Die­se Abschie­be­pra­xis wur­de durch das soge­nann­te »Geord­ne­te-Rück­kehr-Gesetz« im August 2019 lega­li­siert und in § 58 Abs. 5 Auf­ent­halts­ge­setz fest­ge­legt, dass es sich um ein rei­nes »Betre­ten« han­delt, wenn die Poli­zei zur Abschie­bung in die Zim­mer von Sam­mel­un­ter­künf­ten eindringt.

Dem ersten Aufatmen folgt die Enttäuschung

Auf die­ses Gesetz ver­wies auch das Bun­des­ver­wal­tungs­ge­richt, als zur Ver­hand­lung der Recht­mä­ßig­keit der Abschie­bun­gen in Ell­wan­gen über­ge­gan­gen wur­de. Die Richter*innen stell­ten zunächst aus­drück­lich klar, dass der Schutz­be­reich des Grund­rechts der Unver­letz­lich­keit der Woh­nung auch in Geflüch­te­ten­un­ter­künf­ten unein­ge­schränkt gilt.

Ein ers­tes Auf­at­men auf Klä­ger­sei­te wur­de dann aber schnell abge­mil­dert. Denn die Richter*innen erach­te­ten im Wei­te­ren einen Durch­su­chungs­be­schluss zum Auf­su­chen einer abzu­schie­ben­den Per­son für nicht not­wen­dig.
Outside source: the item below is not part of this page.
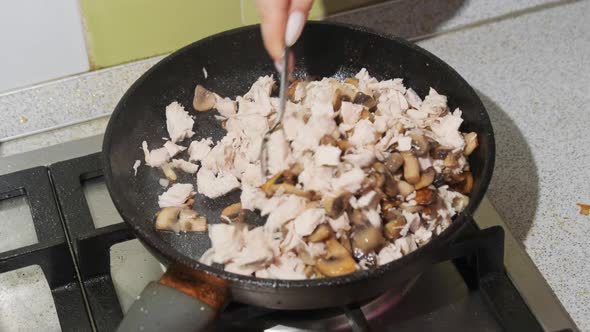 Women Hand Mixes Sauteed Mushrooms in a Pan at Home Kitchen Cooking Julienne alt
Es feh­le in sub­jek­ti­ver und objek­ti­ver Hin­sicht am »Auf­spü­ren von etwas Ver­bor­ge­nem«. Die Anwält*innen hiel­ten dem ent­ge­gen, dass ein Ver­bor­gen­sein durch das Zim­mer aus­rei­chen müs­se. In den aller­we­nigs­ten Fäl­len sei eine Per­son direkt beim Öff­nen der Tür sicht­bar. Der Blick um die Ecke oder unter das Bett sei not­wen­dig und damit lie­ge eine qua­li­fi­zier­te Such­hand­lung vor. Zudem ver­wie­sen sie dar­auf, dass die Poli­zei ja zunächst klop­fen und die betrof­fe­ne Per­son hät­te her­aus­bit­ten können.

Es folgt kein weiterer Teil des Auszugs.